▶ Task description
What should be copied is the stretch of entries below from the line with "Dame moteriktig rund" up to and including the line with "For sell MSI", exactly and without images.

Short descriptive text snippets:
== Segment start ==
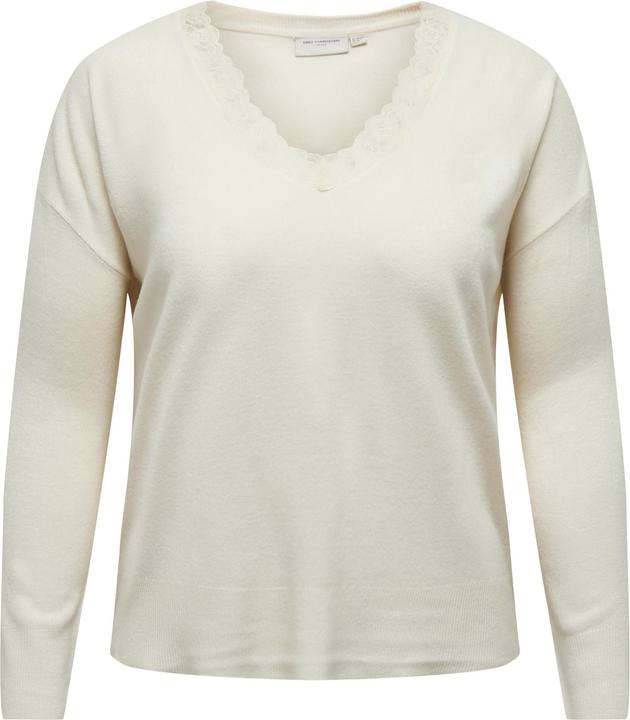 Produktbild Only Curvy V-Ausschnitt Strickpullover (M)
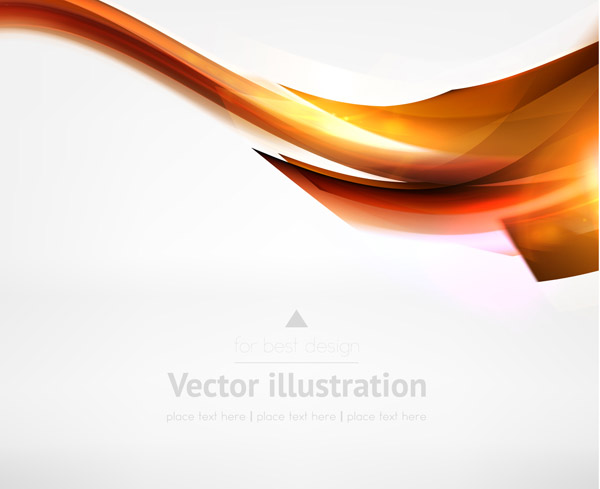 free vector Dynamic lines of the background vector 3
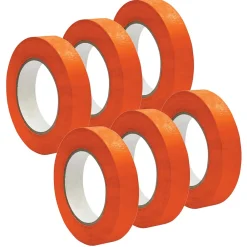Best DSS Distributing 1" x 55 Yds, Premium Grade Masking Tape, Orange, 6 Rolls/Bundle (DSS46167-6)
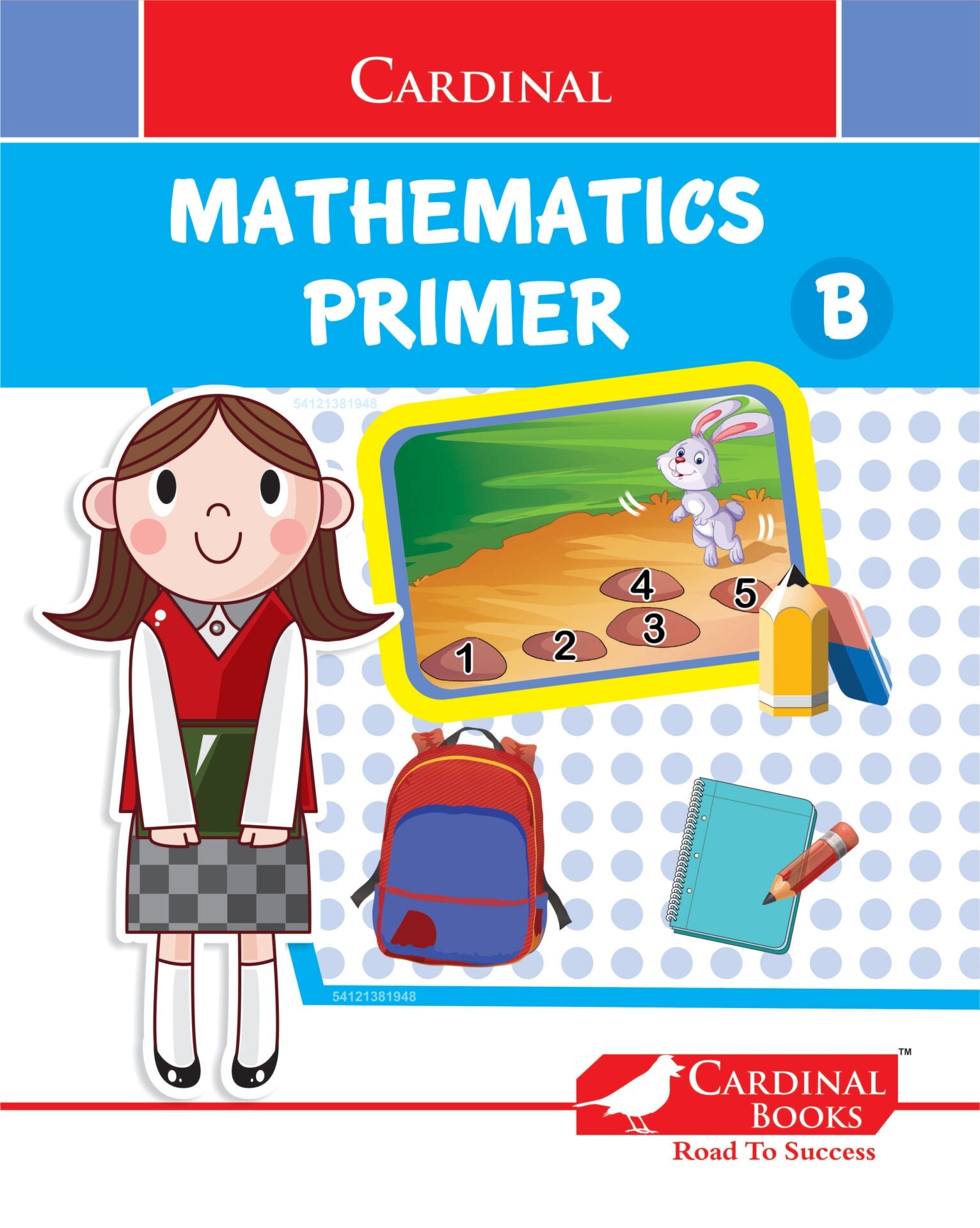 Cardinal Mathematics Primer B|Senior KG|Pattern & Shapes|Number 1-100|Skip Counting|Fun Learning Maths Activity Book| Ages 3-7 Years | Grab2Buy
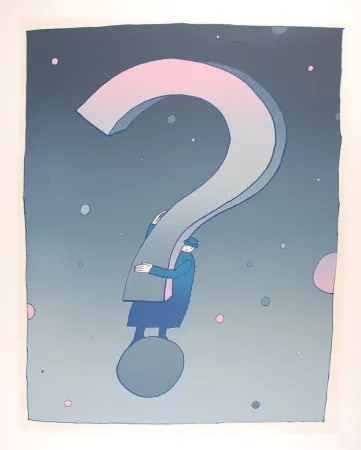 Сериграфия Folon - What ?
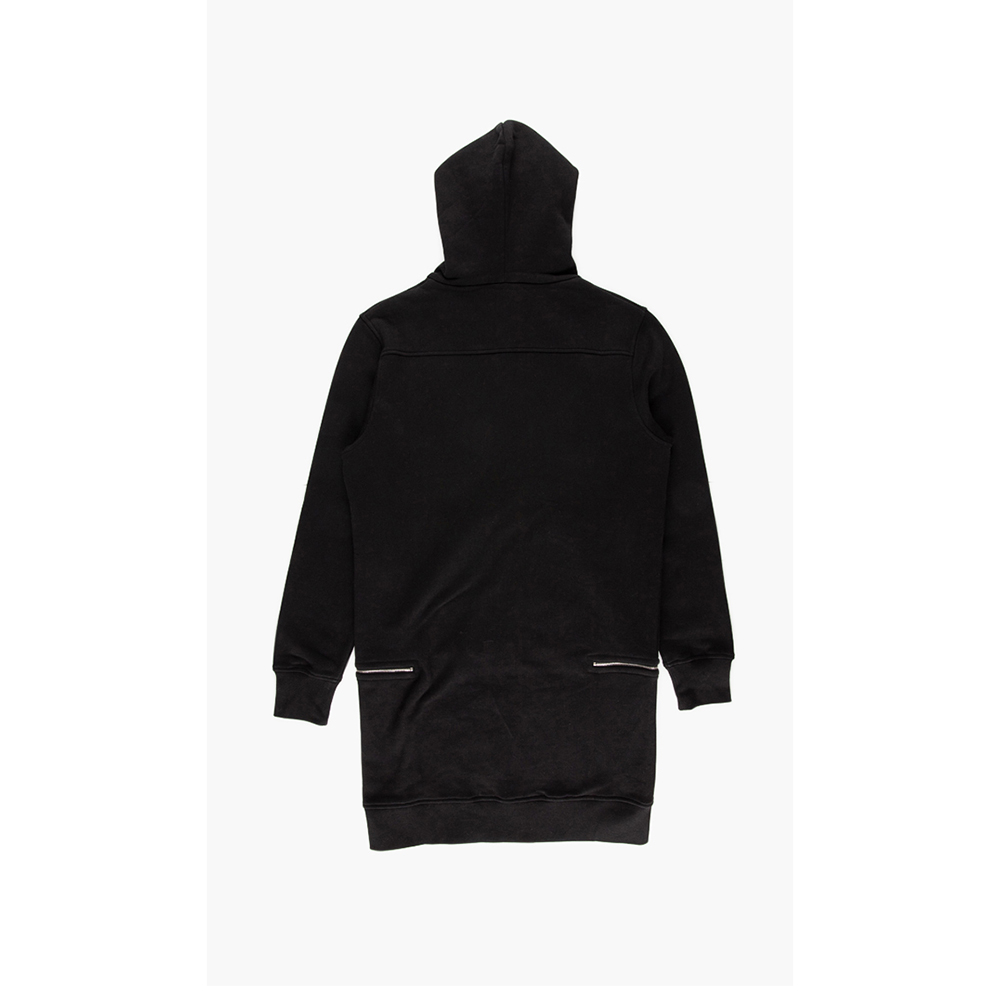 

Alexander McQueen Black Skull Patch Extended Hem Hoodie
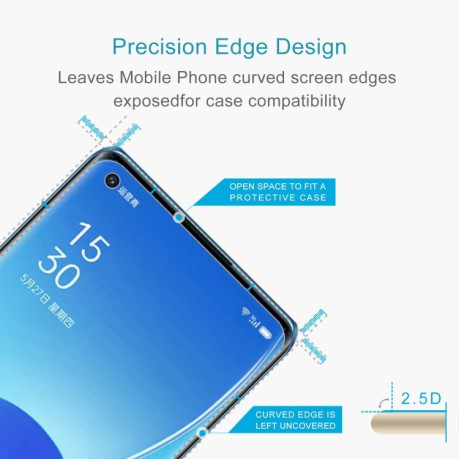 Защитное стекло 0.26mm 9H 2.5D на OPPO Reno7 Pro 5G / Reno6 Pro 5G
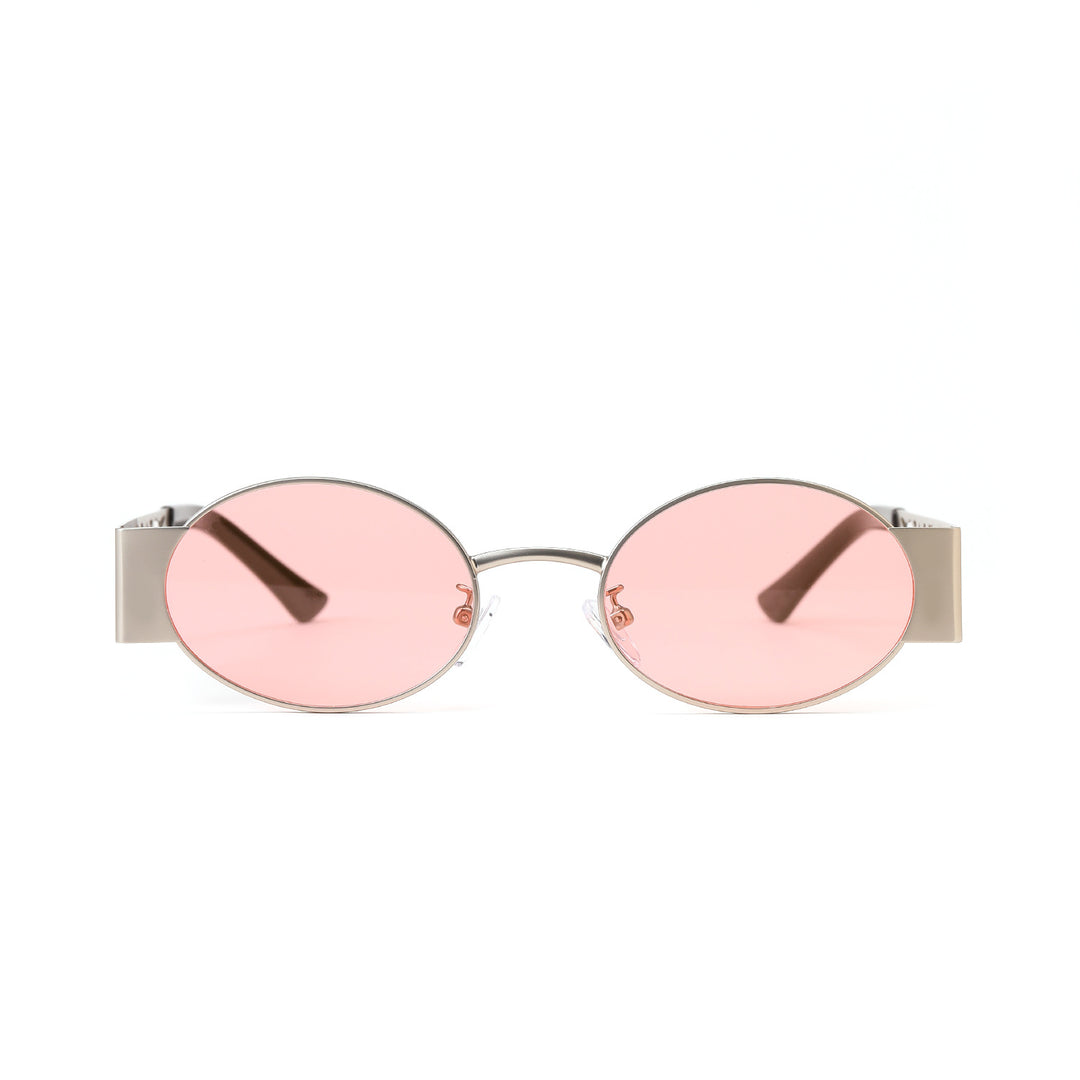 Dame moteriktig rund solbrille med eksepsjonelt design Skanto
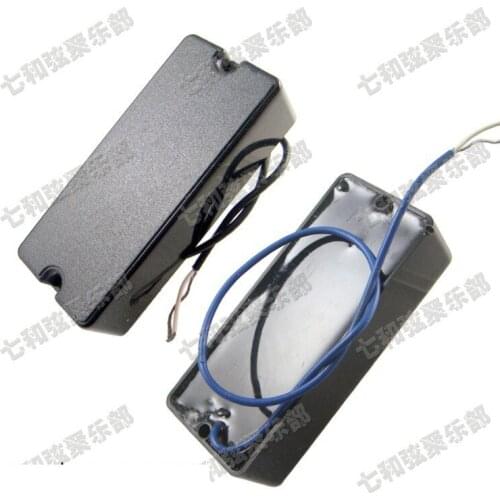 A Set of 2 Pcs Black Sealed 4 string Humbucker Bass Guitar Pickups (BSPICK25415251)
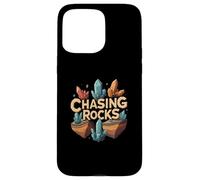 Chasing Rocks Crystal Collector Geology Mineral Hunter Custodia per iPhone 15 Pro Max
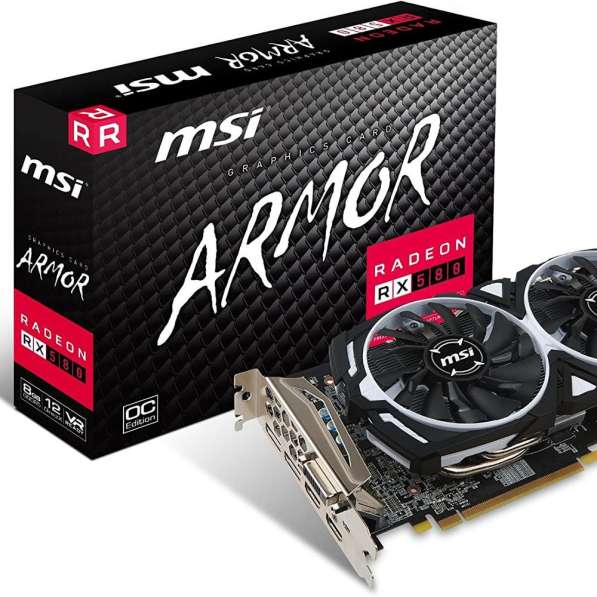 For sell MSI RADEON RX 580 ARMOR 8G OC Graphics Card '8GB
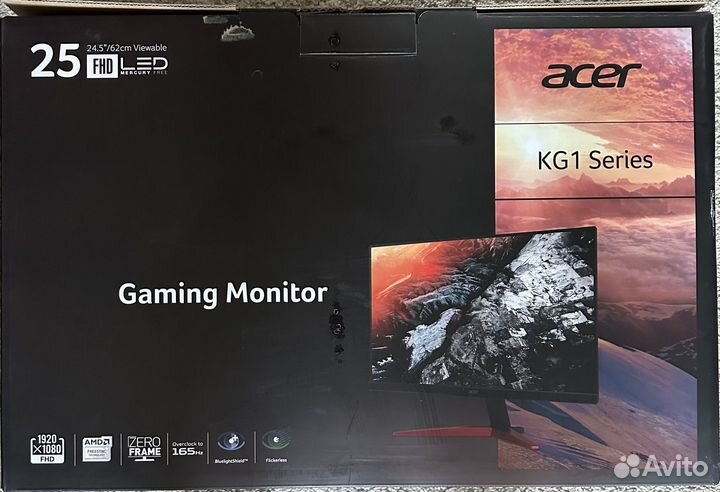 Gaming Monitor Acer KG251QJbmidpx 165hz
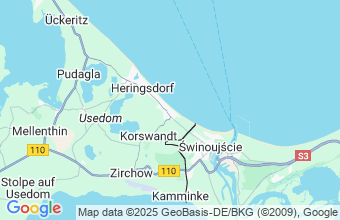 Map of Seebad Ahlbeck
== Segment end ==
▶ Task output
 Dame moteriktig rund solbrille med eksepsjonelt design Skanto
 A Set of 2 Pcs Black Sealed 4 string Humbucker Bass Guitar Pickups (BSPICK25415251)
 Chasing Rocks Crystal Collector Geology Mineral Hunter Custodia per iPhone 15 Pro Max
 For sell MSI RADEON RX 580 ARMOR 8G OC Graphics Card '8GB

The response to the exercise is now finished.